533013 - try server result emails don't link to the log

Reporter

Description

•

15 years ago

Try server emails direct to the waterfall diagram, where people have to manually search the columns for the right result and then retrieve the link to the log from there. This is supremely annoying and error-prone. To add injury to insult, there seems to be a slight delay. The email arrives a minute or two before the column result shows up, so I have to keep reloading the waterfall until the column is there and I can find it and then get the log. If the result email could have a link to the brief and full logs, that would be awesome. From: tryserver@build.mozilla.org Date: December 4, 2009 3:22:51 PM PST To: agal@mozilla.com Subject: Try Server: failure on Linux try hg build Your Try Server build (try-63331f1e1a35) failed to complete on linux.
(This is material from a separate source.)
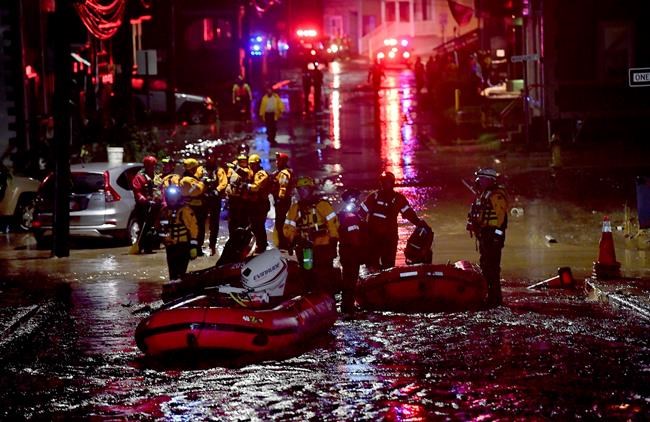 Teen OK after being sucked into drainpipe by floodwaters | iNFOnews.ca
Visit http://tinderbox.mozilla.org/showbuilds.cgi?tree=MozillaTry to view the full logs.

Reed Loden [:reed]

Updated

•

15 years ago

Component: Tinderbox → Release Engineering

OS: Mac OS X → All

Product: Webtools → mozilla.org

QA Contact: tinderbox → release

Hardware: x86 → All

Version: Trunk → other

bhearsum@mozilla.com (:bhearsum)

Comment 1

•

15 years ago

Sorry, this isn't a serious enough issue to deal with right now. It's actually really hard to find out which logs go with which builds, too - there's no way to predict what the log URL will be until Tinderbox generates it. The delay is because we communicate to tinderbox through e-mail, and it takes a bit of time to receive and process the mail.
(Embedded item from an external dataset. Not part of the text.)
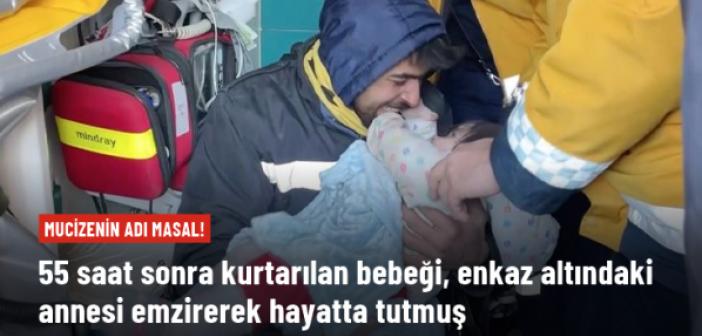 1,5 yaşındaki Masal, 55 saat sonra kurtarıldı! Enkaz altındaki annesi emzirerek hayatta tutmuş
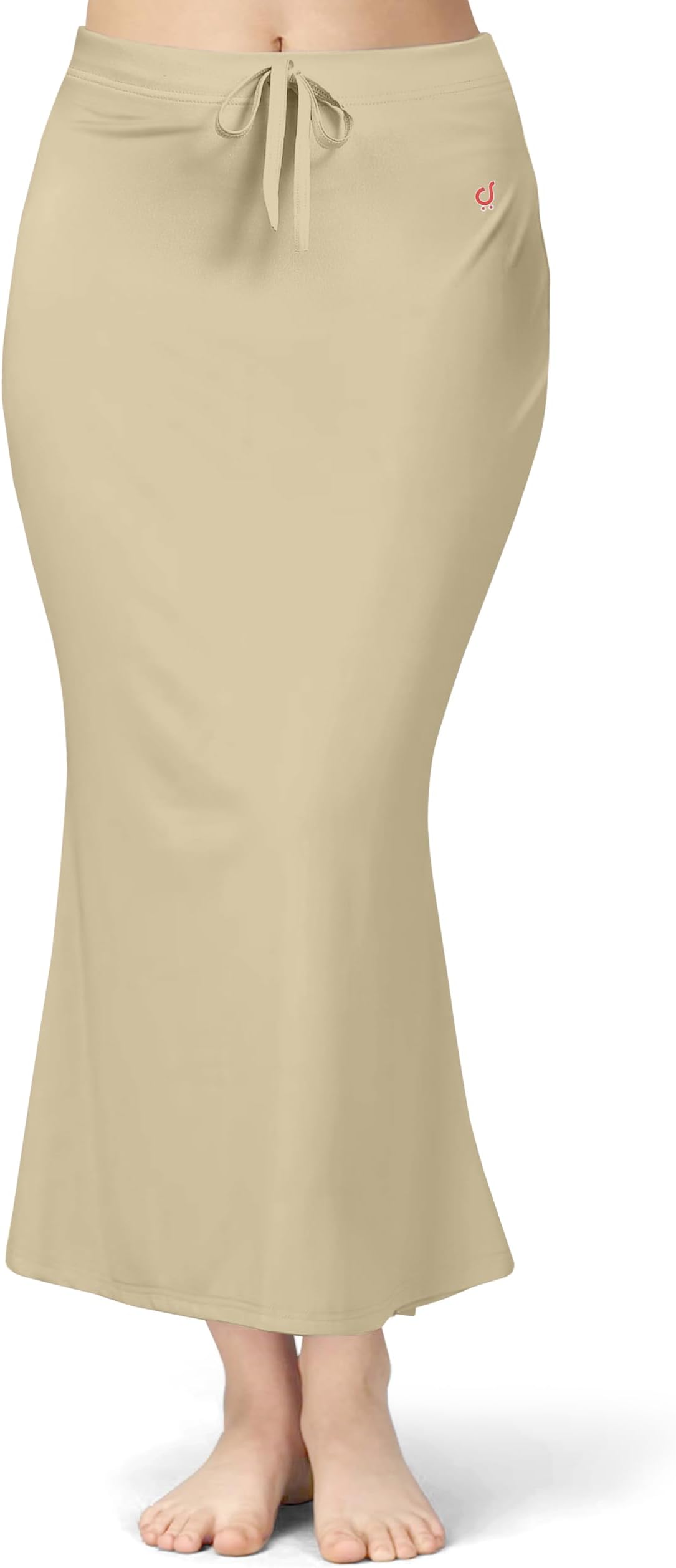 Lycra Spandex Saree Shapewear Petticoat for Women, Cotton Blended, Petticoat, Silhouette, Skirts for Women, Shape wear Dress For Saree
Component: Release Engineering → Release Engineering: Future

bhearsum@mozilla.com (:bhearsum)

Comment 2

•

15 years ago

On a side note, would it be helpful if the e-mails contained a link to: http://tests.themasta.com/tinderboxpushlog/?tree=MozillaTry instead?

John O'Duinn [:joduinn] (please use "needinfo?" flag)

Comment 3

•

15 years ago

(In reply to comment #1) > Sorry, this isn't a serious enough issue to deal with right now. > > It's actually really hard to find out which logs go with which builds, too - > there's no way to predict what the log URL will be until Tinderbox generates > it. > > The delay is because we communicate to tinderbox through e-mail, and it takes a > bit of time to receive and process the mail. Also, this might be much easier once we put the logs on ftp.m.o, in a predictable location, per bug#530318.

Robert Sayre

Comment 4

•

15 years ago

(In reply to comment #1) > Sorry, this isn't a serious enough issue to deal with right now. This is actually serious. I'll leave it up to you guys to decide the dependencies, but the current situation is really broken.
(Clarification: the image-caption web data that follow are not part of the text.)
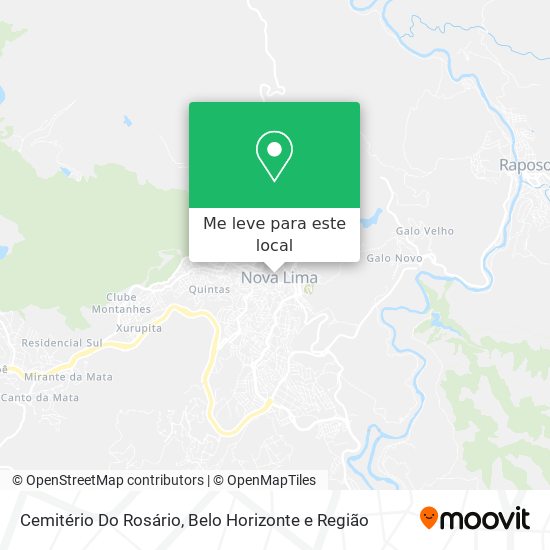 Cemitério Do Rosário mapa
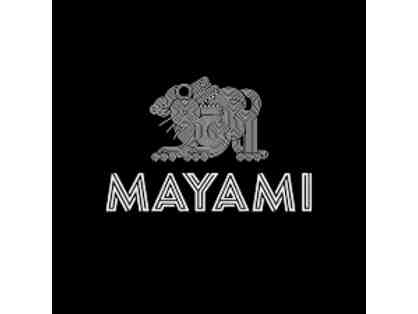 Dinner for 2 at Mayami Wynwood - Mexican Fusion meets nightlife, up to $300 value!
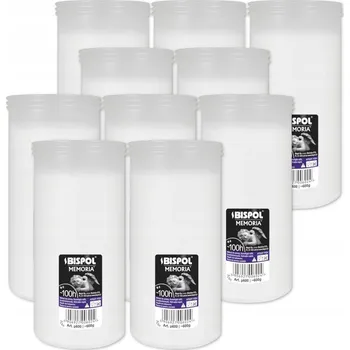 Svíčka Vložka do hřbitovních svíček Bispol 10 cm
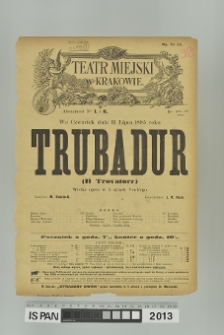 TRUBADUR (Il Trovatore)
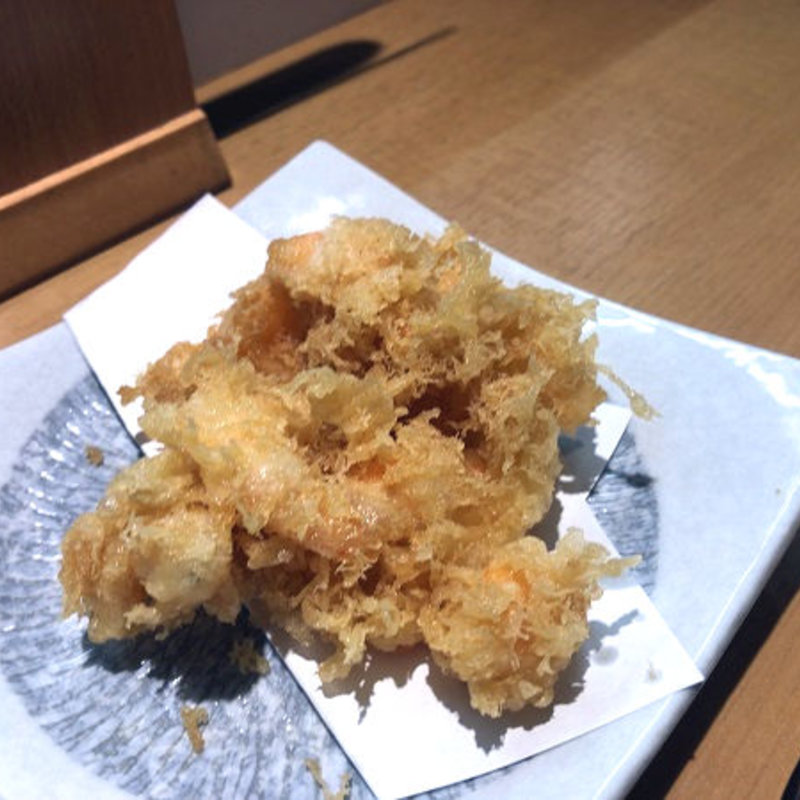 小海老のかき揚げ(くいものや 金子)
Component: Release Engineering: Future → Release Engineering

Chris Cooper [:coop] (he/him)

Comment 5

•

15 years ago

(In reply to comment #4) > This is actually serious. I'll leave it up to you guys to decide the > dependencies, but the current situation is really broken. RelEng:Future nominally means we're not going to get to it in the next 2 weeks, which is realistic considering: the number of releases we're trying to slam out between now and New Year's, other unfinished (higher priority) goals, and PTO from releng staff over the holidays. I agree that the current system is broken/difficult to use (I push stuff to try-server too), but please have a little faith that we know how to manage our priorities. Would comment #2 help at all?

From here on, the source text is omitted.